--- INFORMATION SHOWN Enclosed Below ---

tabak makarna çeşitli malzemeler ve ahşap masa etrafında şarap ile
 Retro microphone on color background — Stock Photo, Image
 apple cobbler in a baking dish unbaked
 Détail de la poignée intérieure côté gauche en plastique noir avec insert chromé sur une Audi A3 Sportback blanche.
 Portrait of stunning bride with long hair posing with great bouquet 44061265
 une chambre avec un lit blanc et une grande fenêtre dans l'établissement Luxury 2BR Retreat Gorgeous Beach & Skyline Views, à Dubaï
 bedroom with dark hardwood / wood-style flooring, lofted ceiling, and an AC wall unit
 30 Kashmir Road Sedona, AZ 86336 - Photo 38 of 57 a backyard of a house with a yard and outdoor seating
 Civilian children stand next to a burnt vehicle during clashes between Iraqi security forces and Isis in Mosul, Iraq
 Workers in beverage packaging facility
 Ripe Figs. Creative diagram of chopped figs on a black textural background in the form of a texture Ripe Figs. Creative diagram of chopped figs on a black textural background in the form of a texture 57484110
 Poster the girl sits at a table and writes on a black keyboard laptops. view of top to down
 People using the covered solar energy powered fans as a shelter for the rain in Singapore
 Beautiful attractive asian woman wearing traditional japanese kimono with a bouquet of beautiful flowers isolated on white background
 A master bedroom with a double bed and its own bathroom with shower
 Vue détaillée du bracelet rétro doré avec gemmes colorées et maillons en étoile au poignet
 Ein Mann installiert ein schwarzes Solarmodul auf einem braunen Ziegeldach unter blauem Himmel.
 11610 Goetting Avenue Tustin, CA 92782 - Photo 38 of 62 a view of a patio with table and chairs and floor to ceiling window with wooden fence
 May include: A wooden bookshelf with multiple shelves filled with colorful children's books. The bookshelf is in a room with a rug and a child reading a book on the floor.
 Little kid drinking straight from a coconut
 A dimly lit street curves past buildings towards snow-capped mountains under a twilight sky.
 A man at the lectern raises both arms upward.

--- End of Enclosed INFORMATION SHOWN ---

• _ABOUT THIS EXERCISE_
From the first line down to the last, give the records again exactly.

• _ANSWER SECTION_
tabak makarna çeşitli malzemeler ve ahşap masa etrafında şarap ile
 Retro microphone on color background — Stock Photo, Image
 apple cobbler in a baking dish unbaked
 Détail de la poignée intérieure côté gauche en plastique noir avec insert chromé sur une Audi A3 Sportback blanche.
 Portrait of stunning bride with long hair posing with great bouquet 44061265
 une chambre avec un lit blanc et une grande fenêtre dans l'établissement Luxury 2BR Retreat Gorgeous Beach & Skyline Views, à Dubaï
 bedroom with dark hardwood / wood-style flooring, lofted ceiling, and an AC wall unit
 30 Kashmir Road Sedona, AZ 86336 - Photo 38 of 57 a backyard of a house with a yard and outdoor seating
 Civilian children stand next to a burnt vehicle during clashes between Iraqi security forces and Isis in Mosul, Iraq
 Workers in beverage packaging facility
 Ripe Figs. Creative diagram of chopped figs on a black textural background in the form of a texture Ripe Figs. Creative diagram of chopped figs on a black textural background in the form of a texture 57484110
 Poster the girl sits at a table and writes on a black keyboard laptops. view of top to down
 People using the covered solar energy powered fans as a shelter for the rain in Singapore
 Beautiful attractive asian woman wearing traditional japanese kimono with a bouquet of beautiful flowers isolated on white background
 A master bedroom with a double bed and its own bathroom with shower
 Vue détaillée du bracelet rétro doré avec gemmes colorées et maillons en étoile au poignet
 Ein Mann installiert ein schwarzes Solarmodul auf einem braunen Ziegeldach unter blauem Himmel.
 11610 Goetting Avenue Tustin, CA 92782 - Photo 38 of 62 a view of a patio with table and chairs and floor to ceiling window with wooden fence
 May include: A wooden bookshelf with multiple shelves filled with colorful children's books. The bookshelf is in a room with a rug and a child reading a book on the floor.
 Little kid drinking straight from a coconut
 A dimly lit street curves past buildings towards snow-capped mountains under a twilight sky.
 A man at the lectern raises both arms upward.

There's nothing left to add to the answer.